Companies that use me well have increased their marketing success rates 5 to 12 times. So you betcha you can compete using me!
“I am the marketing contact and response history”
Most marketers think of me as just a tactical “log” of past interactions. If at all, I am used for calculating a direct marketing campaign’s response rate.
But in today’s world of multichannel, interactive (or dialog) marketing, I have a much more strategic role to play. Namely, a marketer that doesn’t take me into account is like someone who is talking while turning a deaf ear to the conversation partners’ responses.
Therefore, I am the one who can help you go from mass marketing to interactive (or dialog) marketing. Since few marketers use me well today, you can really compete on analytics with me!
“I am demographics data”
Most companies have some form of me available.
I am often helpful for framing who is in the company’s target audience so that you don’t waste your marketing funds talking to people who won’t buy anything from you anyway.
But I have been around for such a long time, even I can’t remember how you could use me to create a competitive advantage. What can you do with me that your competition isn’t already doing?
“I am the customers’ permission and preference data”
I may seem like a bore at first — after all I represent the customer’s interests and not the marketer’s. But companies that use me well are able to continue the interactive exchange with customers while companies who ignore me lose their permission to market.
For example, leaders in email marketing offer their subscribers not just an “opt-out” but a way to manage for themselves when and how often they wish to be contacted about what. Ditto with RSS marketing. Instead of losing a prospect to an opt-out, you are given a chance to be relevant.
“I am the web analytics data”
Most web marketers package me into reports and good looking dashboards. They use me to make their web sites and advertising more successful.
But since I am used that way by almost everyone already, it is really tough for you to compete on me this way.
You have to be cleverer than that to turn me into gold!
A straight forward but rarely tapped opportunity is to make web analytics personal (download the whitepaper), i.e. to learn about each individual prospect or customers’ current interests as demonstrated by their most recent web site sessions, clicks, and keywords.
This can fuel behavioral targeting, event based marketing, or highly predictive analytics. Marketers can use me to send the right re-marketing, on-boarding, cross-sales or retention recommendation to each customer at the right time.
Companies that use me well today are the leaders in their space, e.g. Amazon, eBay, Verizon, and many others.
So, if you have so many data to choose from which should you pick?
This will depend on your business and your competition. Most likely you have many more than just a single opportunity. And just like any other marketing investment you want to forecast potential returns vs. costs of getting there.
You’d start implementing the opportunity that has the best potential. But you shouldn’t stop there.
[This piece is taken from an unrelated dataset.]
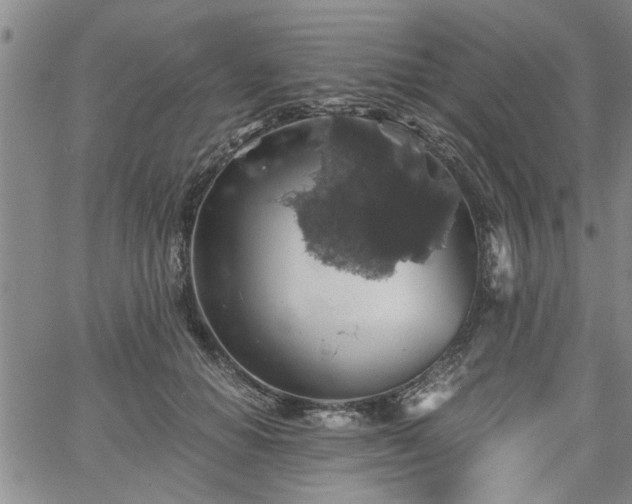 X0000058780654200510031021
Rather, all initiatives that promise a lucrative ROI (above your hurdle rate) are worth doing and should be funded. That is the only way in which you will maximize total returns.
So, go ahead, make your business case and your CFO will get you the funds.
Yes, these days many budgets have been cut.
But just today I was hearing from a business intelligence manager at a large client of mine. She made her case for solving a long standing business problem through extremely innovative use of (web) analytics. This was a business problem that the company hadn’t been able to solve through any other means. And sure enough, three weeks ago she got the resources that she wanted.
For those about to compete on analytics, we salute you. You rock!